By: Jenni Taylor
“Wow, your rice is really good,” he says, scooping up the last bits from the rice cooker before tossing it in the sink. We had just finished one of the three meals I was capable of making. I took the basic compliment.
“I just add some salt and garlic, like Deysi taught me,” I say. I turn on the hot water and begin to wash the pot from the rice cooker. It’s thick. “The trick is to always use a thick pot, the thickest you have,” Deysi had said. She didn’t have a rice cooker. Rice to her was an art, including thick pots, salt and garlic, low heat, plastic bags, and the right spoon.
Deysi was a Peruvian woman who had taken me into her home when it became widely known that la americana couldn’t cook worth a lick.
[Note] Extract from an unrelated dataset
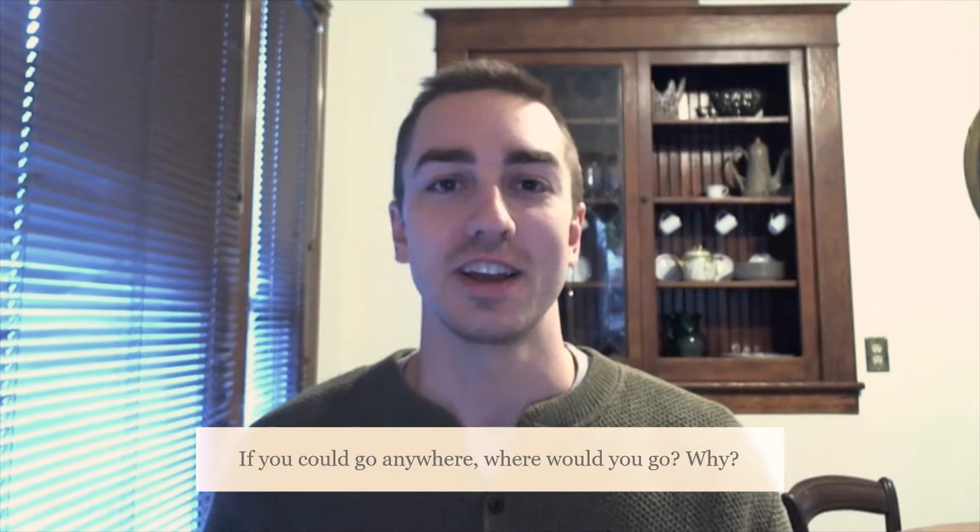Hey, Sea Dragons! Welcome to Art. I'm Mr. Horner. For this week's art project, we're going to think about the question: if you could travel anywhere, where would you go and why?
At first I was embarrassed to go. I didn’t mind living off tuna and street hamburgers. But there was Deysi, waiting for me with my covered plate, determined to put extra meat on my bones.
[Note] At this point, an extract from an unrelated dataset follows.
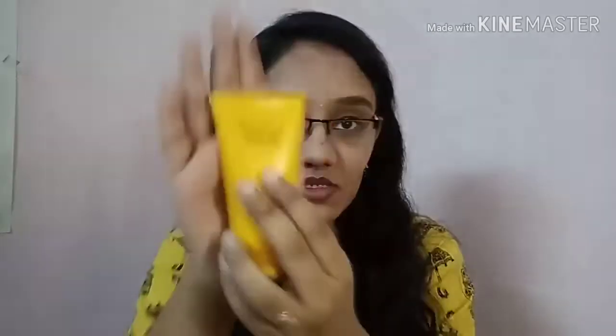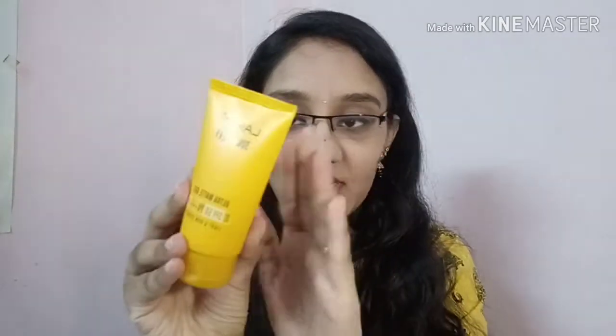The MRP of this is 250 rupees for 50ml. This is how the packaging looks — it comes in a cute orangey shade, the packaging is matte, not glossy. It has a normal cap to open, not a screw cap, so it's really travel friendly. All the information is provided on the back side.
I tried to make excuses during the week, so I would only have to go when I really had nothing. I felt ridiculous taking charity from a woman who had a whole family to feed, this woman I had met a church who always sat in the front on the right and spun to the music in her flowered skirts. But each meal was better than the last, and next thing I knew I was there, every day, 2:00pm Peruvian time.
Our friendship started slowly, cautiously. I would talk about my English students, she would gossip about her neighbors. I would try to wash the dishes and she would firmly push me down in my seat, refusing to let me help. She wouldn’t take money, either, though once or twice I was able to sneak it into her bible when she wasn’t looking. It took me a while to realize the most precious gift I could give her was time.
I stopped showing up for meals and began to show up while she was cooking. She wouldn’t let me touch the food, but would stand there stirring and tell me everything. When she was angry, she chopped. She would chop so hard and fast that I couldn’t listen to her words anymore, just watch her fingers and pray they wouldn’t come off. When she was happy, she would always throw in extra spices, and tell me their strange names in Spanish as long as I promised not to repeat them.
Some days, her family was there. Other days, they would come in and grab their meals to go before heading back to work, and Deysi and I would be left alone at the table. It was our special time together.
La Cocinera gave me family when I had none, and I was her daughter for a brief moment in time. She fed my body and soul, always whispering a kind word as she hugged me before I left, giving me bible verses on slips of paper with cartoon characters, and adamantly taking my side when I had been wronged. We cried together a lot, and laughed together even more. She was energy, she was life, she was strength and health and a bleeding heart still beating out love. She was my friend.
I still can’t cook very well, but I try to use the few secrets she gave me. A thick pot for rice cooking, and a smile even when life hurts. Salt and garlic, and some prayers of thanks. Turn the heat low, and life is going to be okay.
She’s the best cocinera I’ve ever met.